Oh, well, I like the other services/prices/plans at my current provider, so I won't switch over this inconvenience.

So, I guess my point is that there may not be anything you can do.


----------



## redambition (Nov 24, 2007)

even with photoshop, you can't really make photos or pictures larger.

when you try to make an image larger in photo editing SW, one of two things will happen:

1. the pixels get larger and the image becomes blocky and pixelated. this is because an image of say, 20 by 20 pixels will contain 400 pixels. a picture of the same thing at 40 x 40 pixels will contain 1600 pixels. if you make the smaller image the size of the larger one - there's no extra pixels so each pixel becomes larger to compensate. 

2. the image gets ruined due to "intelligent" pixel addition. photoshop is good with this - when you make an image larger in photoshop, it tries to add pixels rather than just expanding them. the result it that images get distorted.

the largest resolution setting on the W490 is 1.3 megapixels - this should give you an image size of 1280x960 pixels. this is quite a large image.. so the problem you are having soundss really weird! i would check what krista suggested - if using them as wallpaper on your phone shrinks them. it may be that if you try and send them as an MMS they will get shrunk as well.

the easiest way to test if it's working properly is to take a pic (of anything), then immediately upload it your computer and opening it to look at it. if it appears large, then it's probably the wallpaper or sending via MMS that does the shrinking. if the image is still small you'll need to contact your service provider or motorola.


----------



## CantAffordMAC (Nov 24, 2007)

Quote:

   Originally Posted by *redambition* 

 
_even with photoshop, you can't really make photos or pictures larger.

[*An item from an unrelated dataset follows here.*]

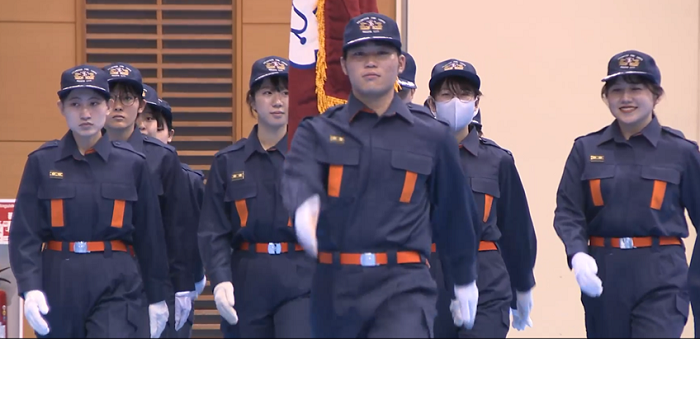 写真:大学生消防団の行進の様子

when you try to make an image larger in photo editing SW, one of two things will happen:

1. the pixels get larger and the image becomes blocky and pixelated. this is because an image of say, 20 by 20 pixels will contain 400 pixels. a picture of the same thing at 40 x 40 pixels will contain 800 pixels. if you make the smaller image the size of the larger one - there's no extra pixels so each pixel becomes larger to compensate. 

2. the image gets ruined due to "intelligent" pixel addition. photoshop is good with this - when you make an image larger in photoshop, it tries to add pixels rather than just expanding them. the result it that images get distorted.

the largest resolution setting on the W490 is 1.3 megapixels - this should give you an image size of 1280x960 pixels. this is quite a large image.. so the problem you are having soundss really weird! i would check what krista suggested - if using them as wallpaper on your phone shrinks them. it may be that if you try and send them as an MMS they will get shrunk as well.

the easiest way to test if it's working properly is to take a pic (of anything), then immediately upload it your computer and opening it to look at it. if it appears large, then it's probably the wallpaper or sending via MMS that does the shrinking. if the image is still small you'll need to contact your service provider or motorola._

 




HAHA 
WOW GUYS. 
you're going to hate me.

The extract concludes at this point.